わたしの意見-
水野 創

明日で東日本大震災から6年-大切な前向きな気持ち 

水野 創[ちばぎん総合研究所取締役会長]

(「(株)ちばぎん総研BusinessLetter」2017年3月10日号に掲載)

水野 創[ちばぎん総合研究所取締役社長]

 被災された皆様に心よりお見舞い申し上げます。

 復興に取り組まれた皆様に心より敬意を表します。

 あの日、私は、弊社が運営するセミナーで、自分の講演開始直前に被災した。東京駅前の古いビルにあるセミナルームを借りての開催で、何階かは忘れたが大きく揺れ、途中からは皆でテーブルの下に身をかがめた。エレベータも止まり、おそらく7,8階くらいではなかったかと思うが、とりあえず皆で階段で1階まで避難した。外に出ると、ビルのショーウインドのガラスが割れていた。二度とそのビルに入る気はしなかった。セミナーは中止にし、お客様を送り出したのち、一緒にいた社員と社長車で東京分室に移動した。

 稲毛の本社とは短時間電話がつながりお互いの無事を確認した。

 社長車を活用し、一緒にいた社員全員が順次自宅を目指すこととし、その後、大変な苦労をしながらも、皆の頑張りと、プロの運転手さんの知見と献身的な貢献で、翌日昼までにはなんとか全員無事に自宅に到着できた。

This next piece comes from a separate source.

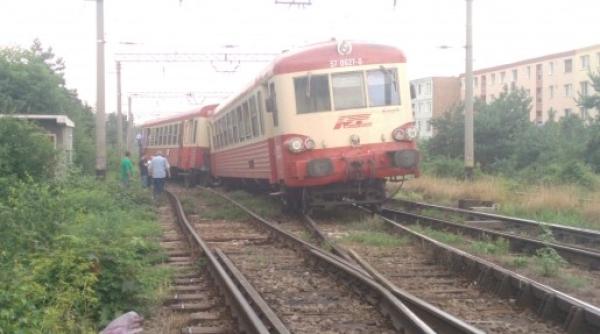 ia i accident feroviar un tren a spulberat doua persoane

 個人的な話を書いたが、千葉県は、大地震に加え、津波、液状化、風評被害を含む放射能関連被害、コンビナート火災で大きな被害を受けた。特に液状化、放射能関連被害地域の人口は423万人、県内の人口の3分の2を占める。

 あれから6年。

 千葉県人口は2014年まで減少した後、回復に転じ、現在過去最高水準にある。

 

 東京都、神奈川県・埼玉県が増勢を持続する中、千葉県だけが減少する2014年までの統計を見ると、「千葉県はもう元に戻らないのではないか」という疑念に苦しんだ時期もあったと思う。しかし、統計はあくまで過去の結果であり、「便利なところには必ず人は戻ってくる」という前向きの気持ちで安心・安全・快適・便利な地域づくりに取り組んだことが、2015年以降の反転に結びついたのではないだろうか。

 統計も重要だが、前向きな気持ちがもっと大切だ。